Problem description: The task requires restating, word for word, the lines of the entries below from the one containing "this 899×599 image." through the final one, both included.

[Saved entries]
# # # # # # #
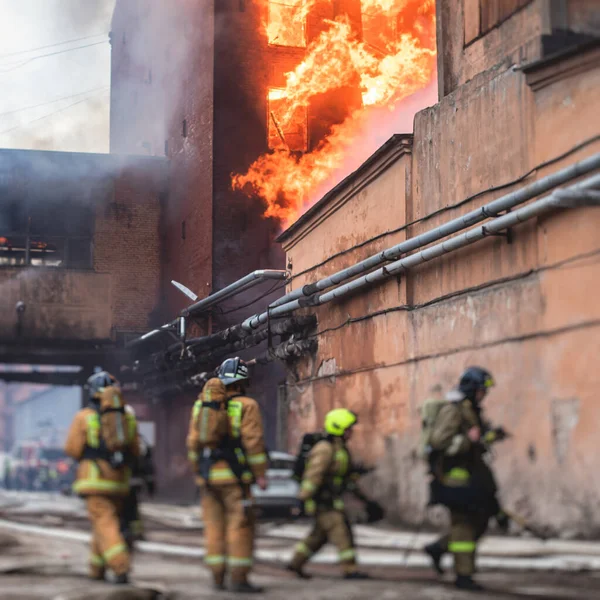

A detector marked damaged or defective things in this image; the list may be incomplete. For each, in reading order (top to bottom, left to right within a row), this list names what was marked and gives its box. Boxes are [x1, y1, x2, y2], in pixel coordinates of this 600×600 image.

charred window frame [268, 0, 308, 48]
damaged roof edge [276, 134, 412, 244]
charred window frame [0, 196, 94, 268]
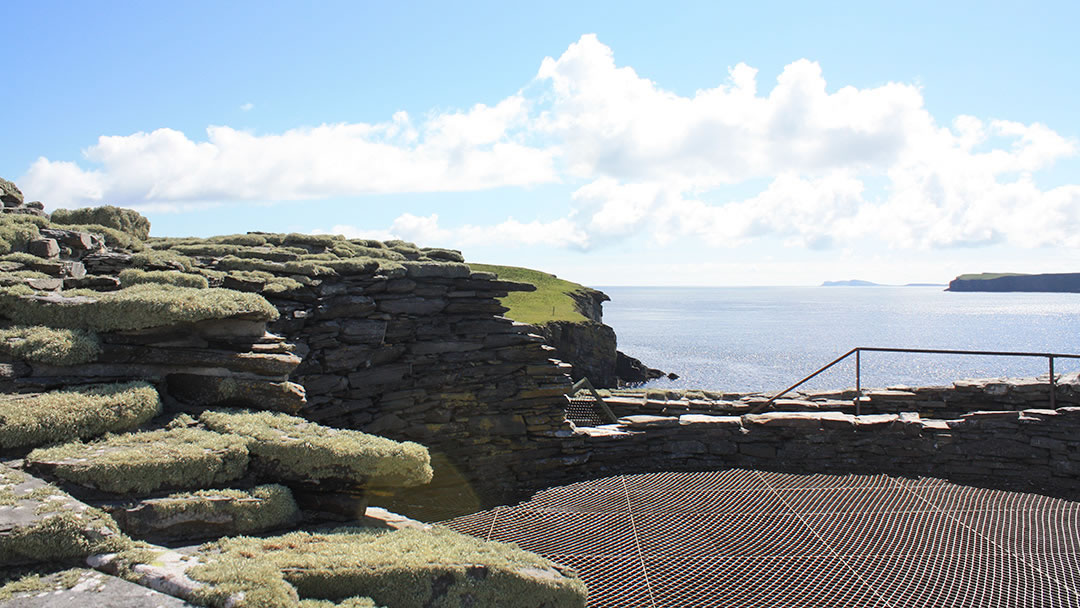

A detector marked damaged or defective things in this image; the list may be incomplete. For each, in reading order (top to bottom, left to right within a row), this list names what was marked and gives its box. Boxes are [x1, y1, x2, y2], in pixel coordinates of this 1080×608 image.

rusty metal mesh [438, 470, 1080, 608]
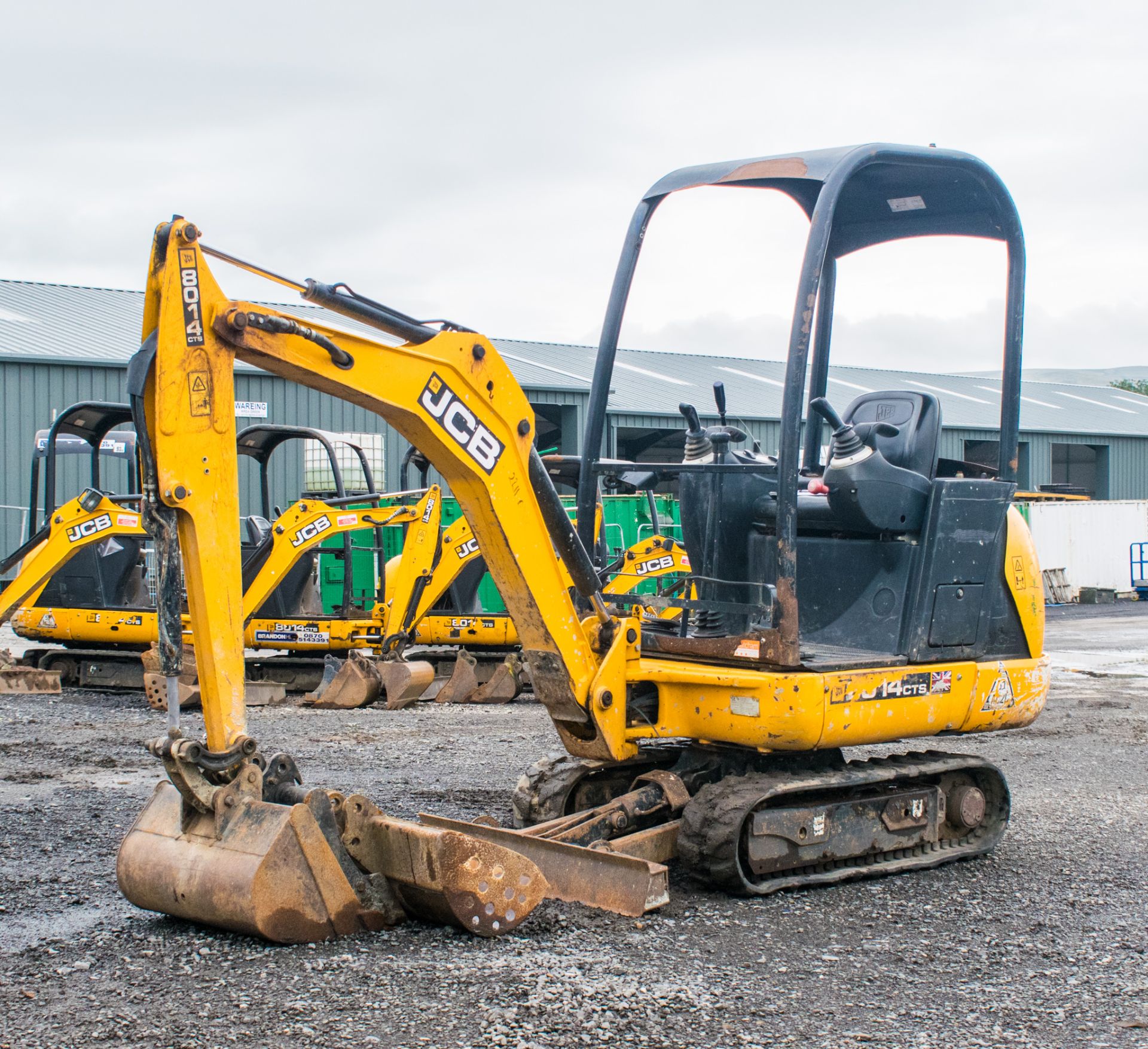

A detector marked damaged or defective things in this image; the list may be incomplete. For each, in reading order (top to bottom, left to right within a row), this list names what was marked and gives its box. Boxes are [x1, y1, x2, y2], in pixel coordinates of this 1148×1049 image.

rust stain on metal [716, 155, 808, 180]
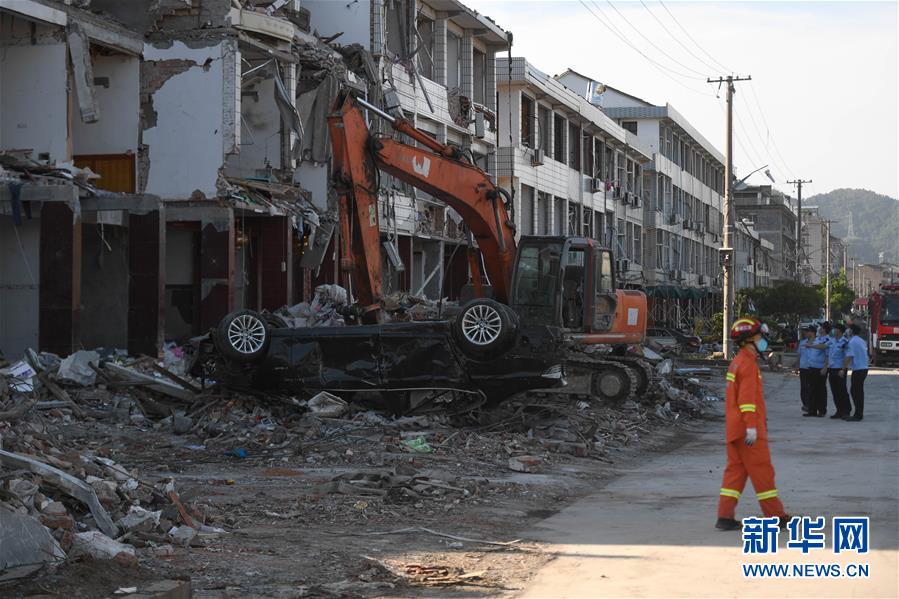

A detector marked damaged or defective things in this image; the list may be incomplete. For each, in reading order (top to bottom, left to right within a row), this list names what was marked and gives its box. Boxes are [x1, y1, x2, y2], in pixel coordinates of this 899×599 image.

overturned car [193, 298, 568, 412]
broken concrete slab [0, 506, 67, 580]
# # # # # # #
Task solution:
A detector marked damaged or defective things in this image; the list may be incomplete. For each, in reading order (top to bottom, left to right within a row), this list names what was marked and gives its box. Boxes are [x1, y1, x2, y2], in pixel coordinates of this 899×599 image.

overturned car [193, 298, 568, 412]
broken concrete slab [0, 506, 67, 580]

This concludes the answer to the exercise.